--- START ---

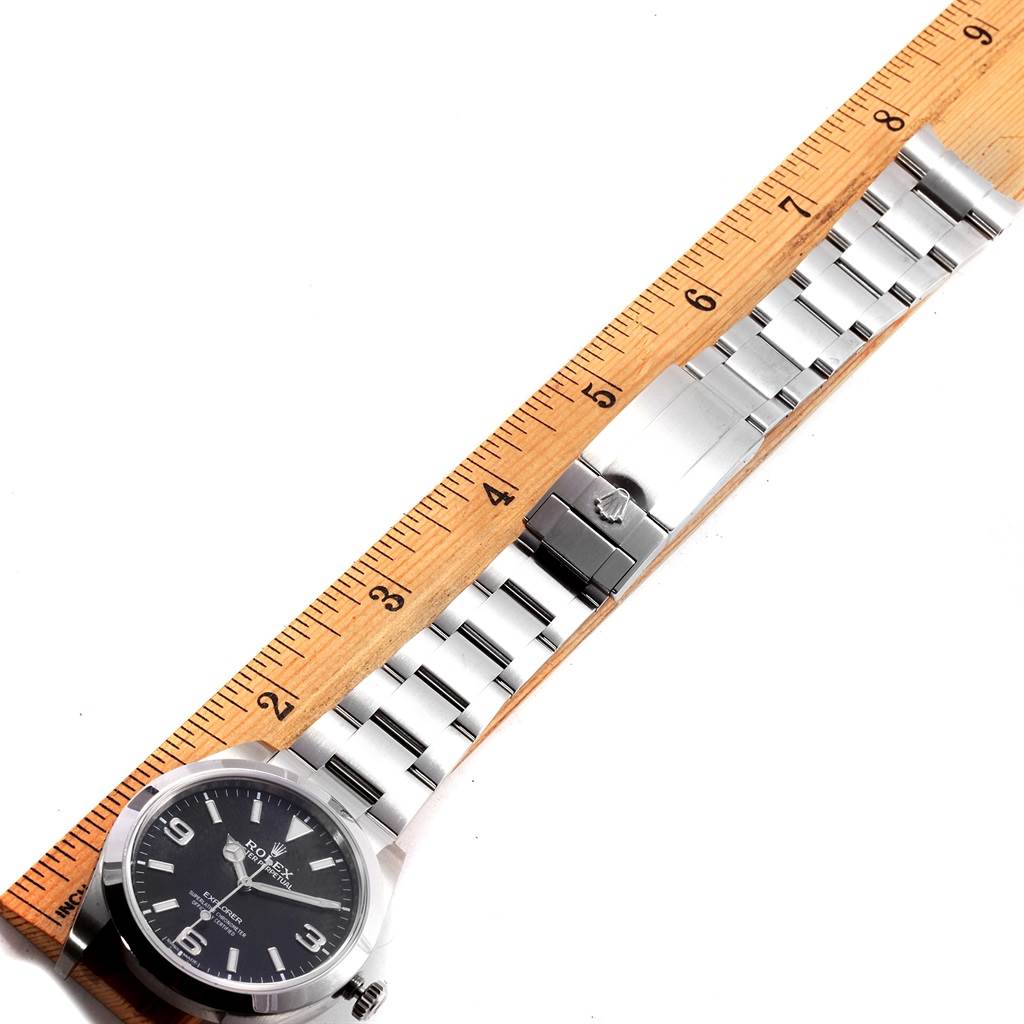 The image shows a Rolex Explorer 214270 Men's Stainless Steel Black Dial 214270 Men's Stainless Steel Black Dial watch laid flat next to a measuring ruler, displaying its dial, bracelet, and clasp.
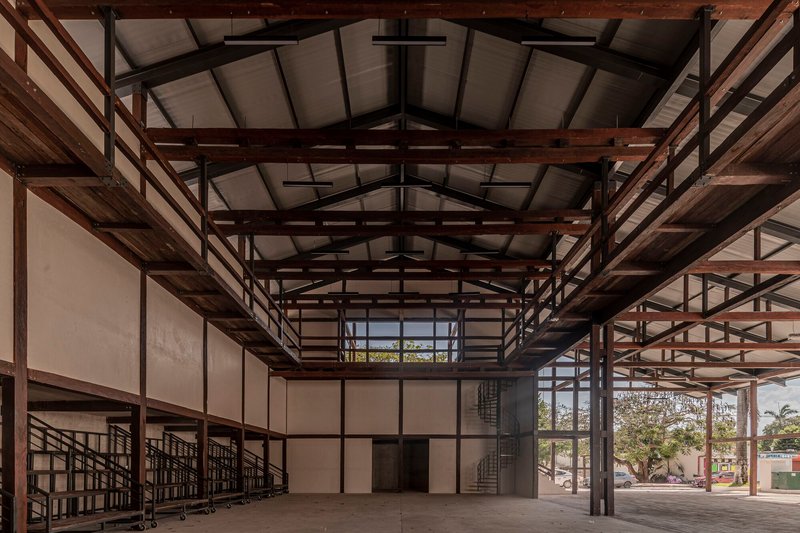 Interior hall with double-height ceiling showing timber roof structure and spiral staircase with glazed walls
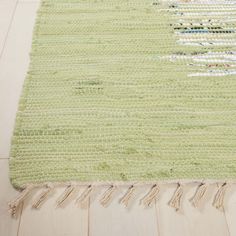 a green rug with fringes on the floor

--- END ---

* [Task directions] Transcribe all the data word for word; the images stay out.

* [Output]
 The image shows a Rolex Explorer 214270 Men's Stainless Steel Black Dial 214270 Men's Stainless Steel Black Dial watch laid flat next to a measuring ruler, displaying its dial, bracelet, and clasp.
 Interior hall with double-height ceiling showing timber roof structure and spiral staircase with glazed walls
 a green rug with fringes on the floor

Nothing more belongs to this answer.